▶ _What you are asked to do_
Your answer must be an exact copy of the data below, minus any pictures.

▶ _Information provided_
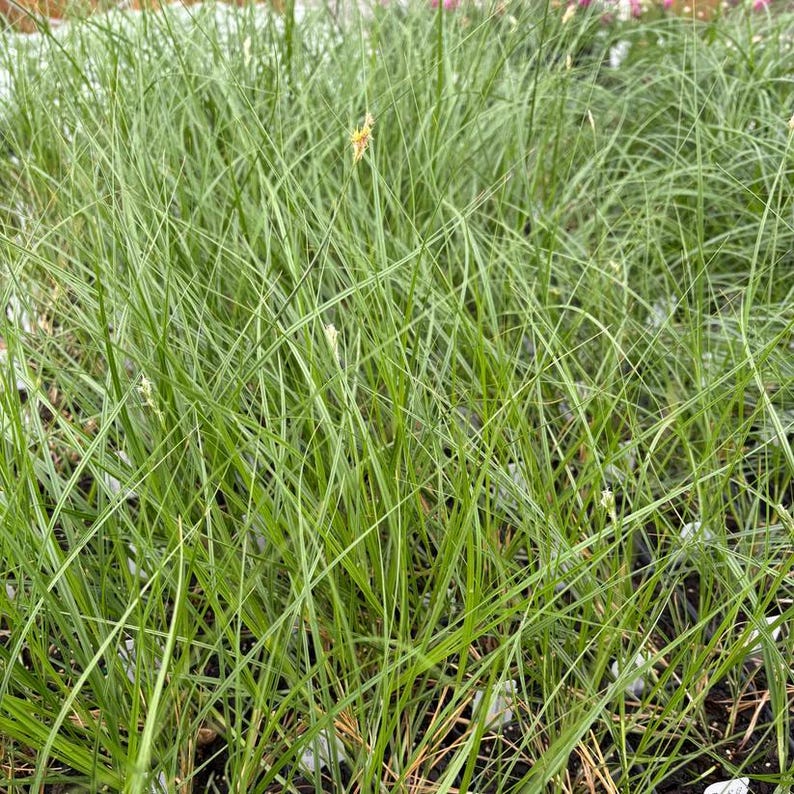 Bicknell's Sedge Live Plant 3.5" Pot - Copper-Shouldered Oval Sedge (Carex bicknellii) - Native to Eastern North America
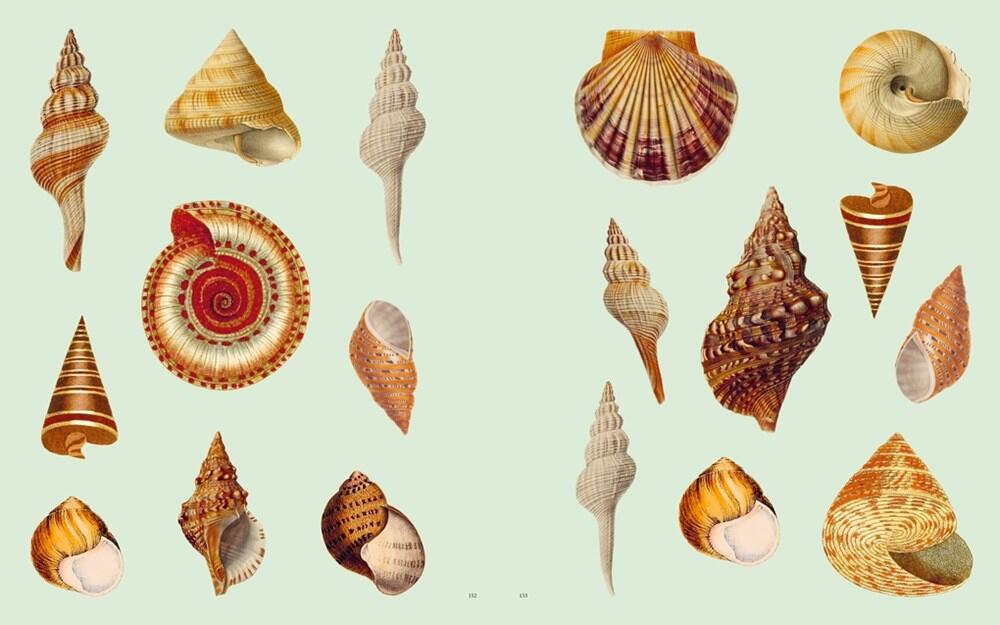 Extraordinary Things klistermærkebog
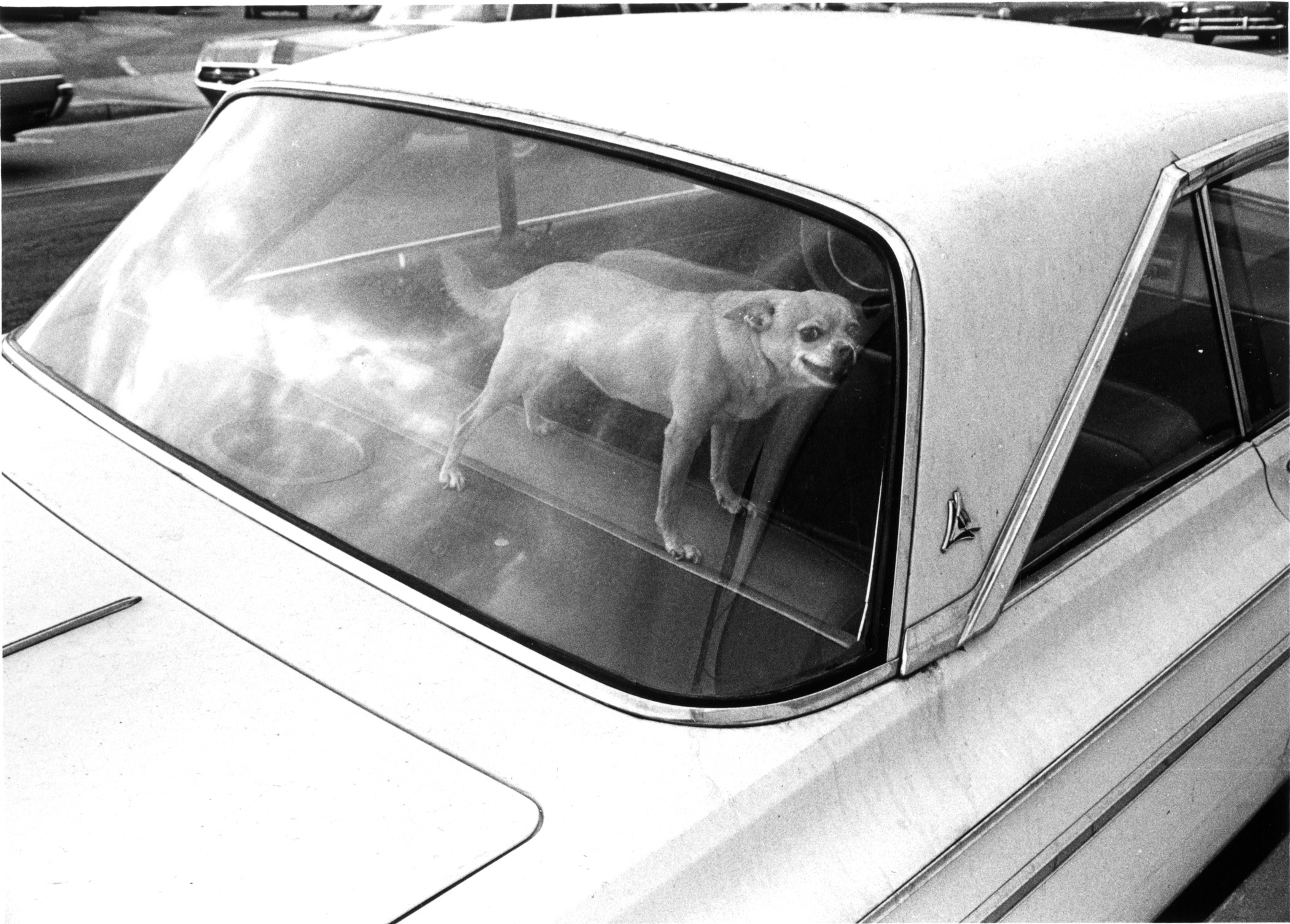 Собака в автомобиле. Лос-Анджелес, 1971. Фотограф Гэри Крюгер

▶ _Solution to this task_
 Bicknell's Sedge Live Plant 3.5" Pot - Copper-Shouldered Oval Sedge (Carex bicknellii) - Native to Eastern North America
 Extraordinary Things klistermærkebog
 Собака в автомобиле. Лос-Анджелес, 1971. Фотограф Гэри Крюгер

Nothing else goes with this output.